■ GIVEN MATERIAL

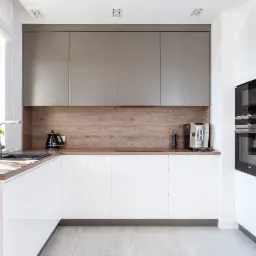 Nowoczesna kuchnia z białymi, błyszczącymi frontami szafek, drewnianym blatem i szarymi szafkami wiszącymi. Na blacie czajnik elektryczny i ekspres do kawy, obok zlewozmywaka koszyk z owocami...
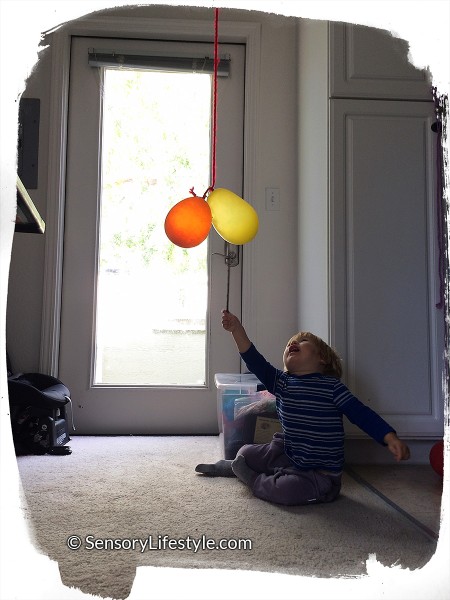 15 month toddler activity: Suspended balloon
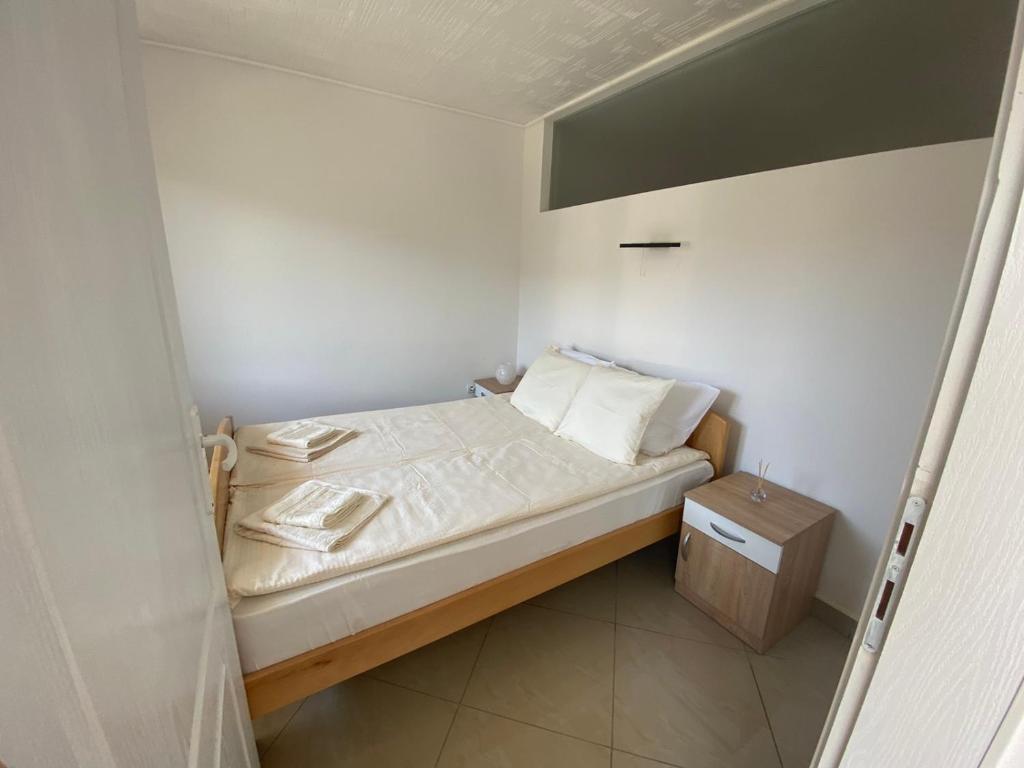 um pequeno quarto com uma cama e uma mesa de cabeceira em Apartmani Bambi Sokobanja em Sokobanja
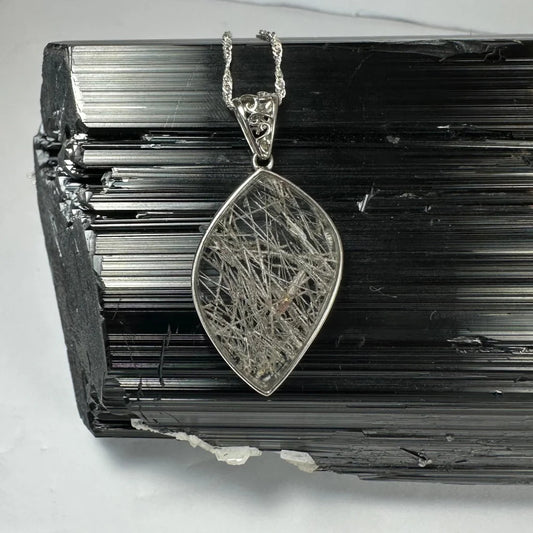 Stunning rutilated quartz teardrop pendant in sterling silver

■ PROMPT
An exact repeat of the listing above, pictures excluded, is the answer.

■ YOUR SOLUTION
 Nowoczesna kuchnia z białymi, błyszczącymi frontami szafek, drewnianym blatem i szarymi szafkami wiszącymi. Na blacie czajnik elektryczny i ekspres do kawy, obok zlewozmywaka koszyk z owocami...
 15 month toddler activity: Suspended balloon
 um pequeno quarto com uma cama e uma mesa de cabeceira em Apartmani Bambi Sokobanja em Sokobanja
 Stunning rutilated quartz teardrop pendant in sterling silver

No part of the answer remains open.